--- HOW TO COMPLETE THIS TASK ---
Beneath this line sits some data. Return only its lines from the one holding "Апартаменты Majestic Luxueux" through the one holding "12 White Birch Ave, Mechanicsburg, PA 17050", inclusive, exactly, with the images removed.

--- PROVIDED MATERIAL ---
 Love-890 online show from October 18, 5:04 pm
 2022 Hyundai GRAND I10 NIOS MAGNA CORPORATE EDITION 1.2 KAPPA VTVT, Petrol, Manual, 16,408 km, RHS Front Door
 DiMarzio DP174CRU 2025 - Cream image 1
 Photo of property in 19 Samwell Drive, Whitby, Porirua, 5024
---
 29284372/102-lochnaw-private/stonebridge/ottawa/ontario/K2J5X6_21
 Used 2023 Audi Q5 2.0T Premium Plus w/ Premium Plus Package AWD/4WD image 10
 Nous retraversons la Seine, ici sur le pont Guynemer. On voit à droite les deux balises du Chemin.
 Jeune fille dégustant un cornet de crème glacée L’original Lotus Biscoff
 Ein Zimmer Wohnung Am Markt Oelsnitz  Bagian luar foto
* * *
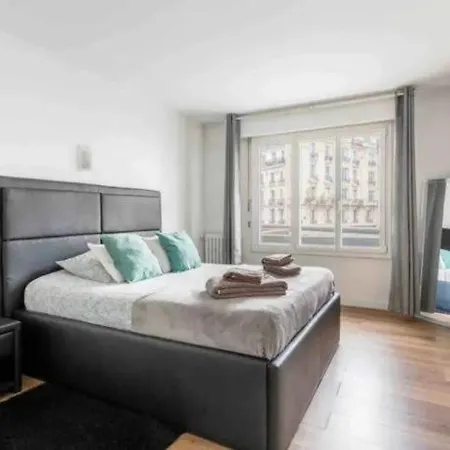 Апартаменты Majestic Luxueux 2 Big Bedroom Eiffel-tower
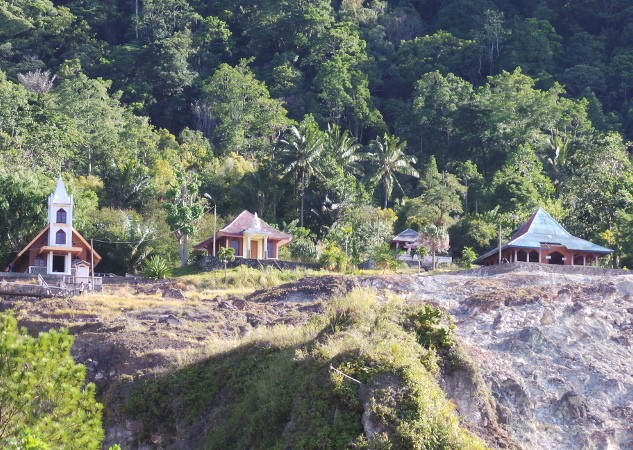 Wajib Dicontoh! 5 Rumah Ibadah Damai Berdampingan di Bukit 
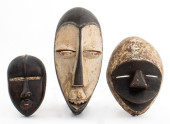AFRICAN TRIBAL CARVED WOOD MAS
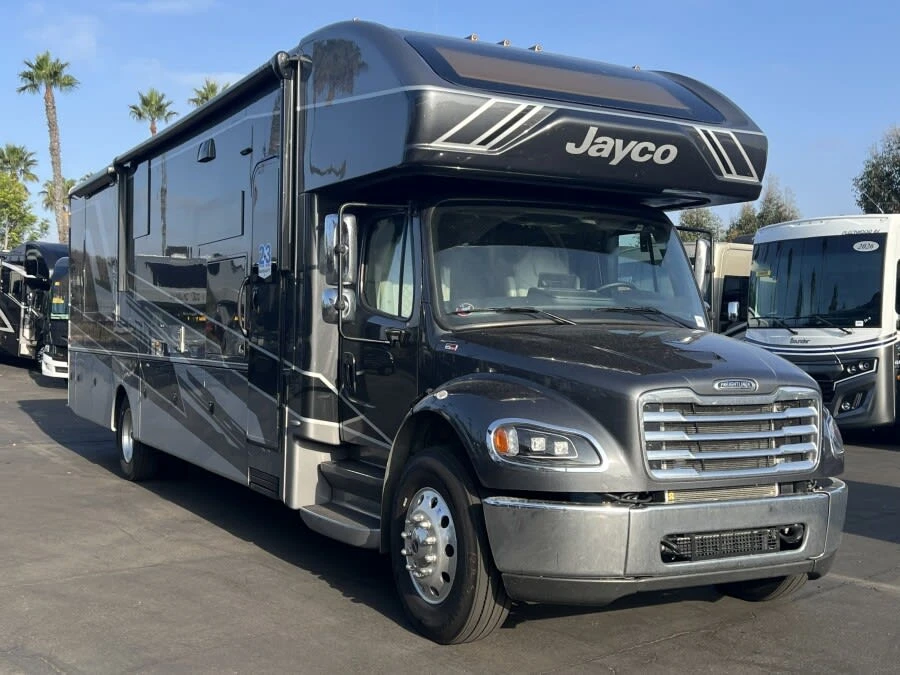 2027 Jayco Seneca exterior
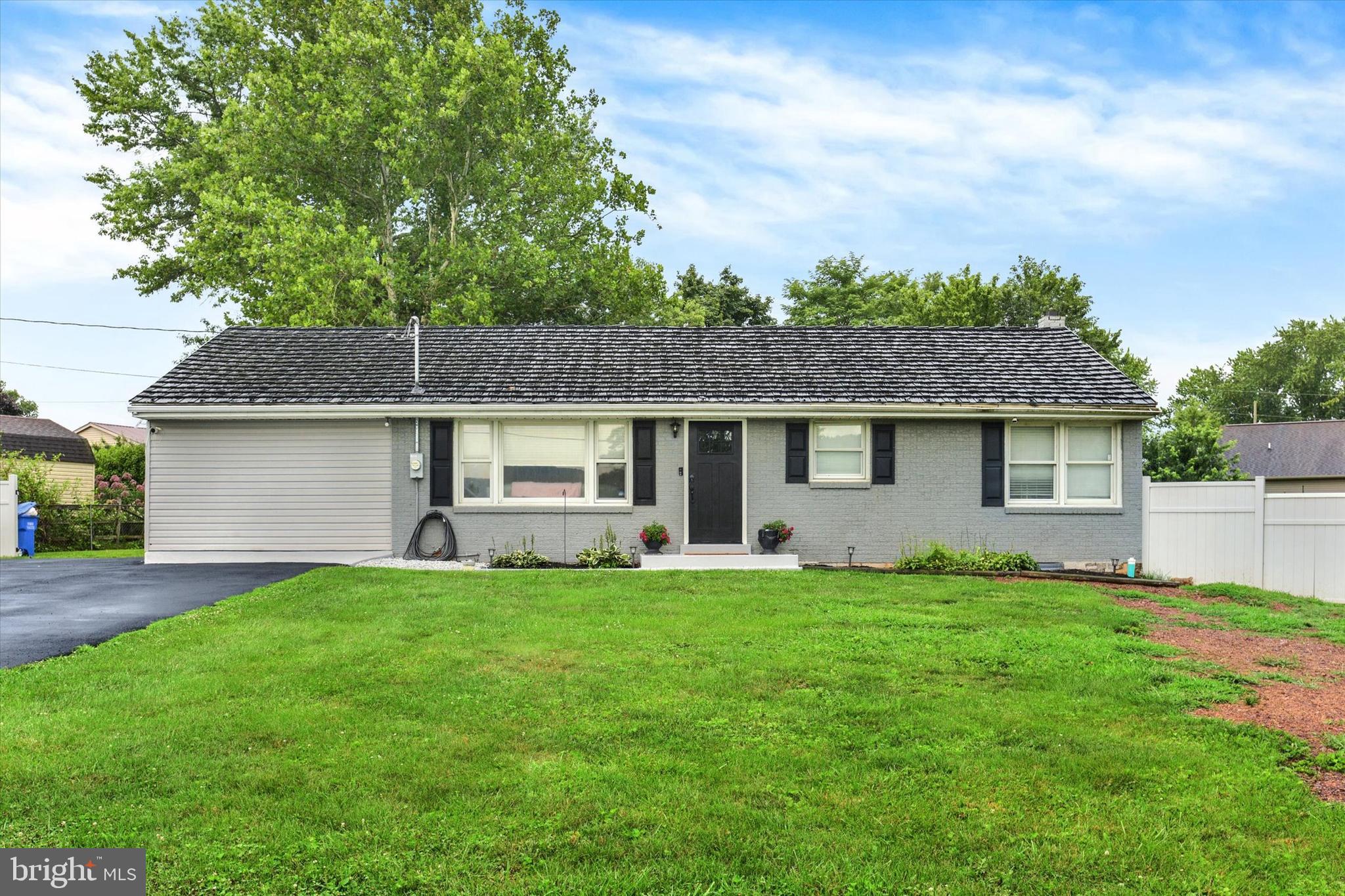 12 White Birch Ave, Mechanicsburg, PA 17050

--- ANSWER AREA ---
 Апартаменты Majestic Luxueux 2 Big Bedroom Eiffel-tower
 Wajib Dicontoh! 5 Rumah Ibadah Damai Berdampingan di Bukit 
AFRICAN TRIBAL CARVED WOOD MAS
 2027 Jayco Seneca exterior
 12 White Birch Ave, Mechanicsburg, PA 17050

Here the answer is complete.